Loyd Gant February 19, 2021 - 2:27 pm

wow, your distain for the show is overshadowed by your propensity to dwell on the most negative aspects and expand them in a way that attempts to show how well you can write but instead just causes someone to stop reading your article halfway through.

Gus February 20, 2021 - 5:07 pm

Series plot and acting ok, however the hidious loud music at times drowns out the dialog.

KC May 15, 2021 - 10:31 pm

Spot on! I agree with every word here. It’s a relief to know someone else felt the same way.

Sandy February 21, 2021 - 10:34 pm

I couldn’t stop watching this show.. two days and i was done with the season. Absolutely love the show. Would really like to see a season 2 now that i know Teresa is ali e and took Karen’s daughter. Such a thrilling and exciting mystery show. I love it!!!!!

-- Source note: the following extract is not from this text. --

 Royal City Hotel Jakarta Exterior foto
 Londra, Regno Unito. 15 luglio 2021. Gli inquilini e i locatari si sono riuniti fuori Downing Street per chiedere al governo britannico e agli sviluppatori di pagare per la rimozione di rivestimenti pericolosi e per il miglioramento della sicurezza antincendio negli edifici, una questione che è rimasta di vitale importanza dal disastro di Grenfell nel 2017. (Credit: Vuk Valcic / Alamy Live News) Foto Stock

Mary February 27, 2021 - 9:27 am

This is one of the best shows iv seen in a long time! I love the actors an actresses takes a lot for me to watch a show to keep me interested I love it I hope you continue another season! Great job guys

Kirstin MacPherson February 27, 2021 - 12:21 pm

Finished the season in a week. Loved it, want more!

Stella March 18, 2021 - 2:23 pm

You suck! You’re rating is totally off base.

Ivy March 20, 2021 - 4:27 pm

I disagree! Wow, for someone who hated it you sure wrote a lot about it. I think people will read this, become curious, and then commit to watching the show; which will lead to more viewers finding enjoyment in It rather than loathing. “It was nasty, morally repugnant, and painfully convoluted for this to be any fun. It fails to thrill. It fails to move”?? Whaat?! No way! Maybe you are just too sensitive and don’t have the capability to follow along with the unpredictability, thrilling suspense, and not being able figure out “who did it”. No comparison to a daytime soap opera. At all. Maybe it’s too creepy for you and its just not your genre. I loved the creepy, twisted, ride! It makes you really think deep and even replay pieces in your mind to try to figure it out. It throws out complete surprises and subplots that intricately fit like a puzzle piece in the main plot. Well done, Amazon for picking this up!

Pinky Nixon March 23, 2021 - 6:24 pm

Spot on. Whenever I thought it couldn’t get stupider, it did.

Sherri Barnard May 4, 2021 - 7:39 pm

Love the show!

Chatnee Coleman July 13, 2021 - 11:19 am

I actually thought the show was great! I hate a show that is predictable and there were quite a few curve balls I greatly appreciated in the storyline. I agree the music was distracting and completely unnecessary many times. However, I finished it in two days! Hoping for a second season.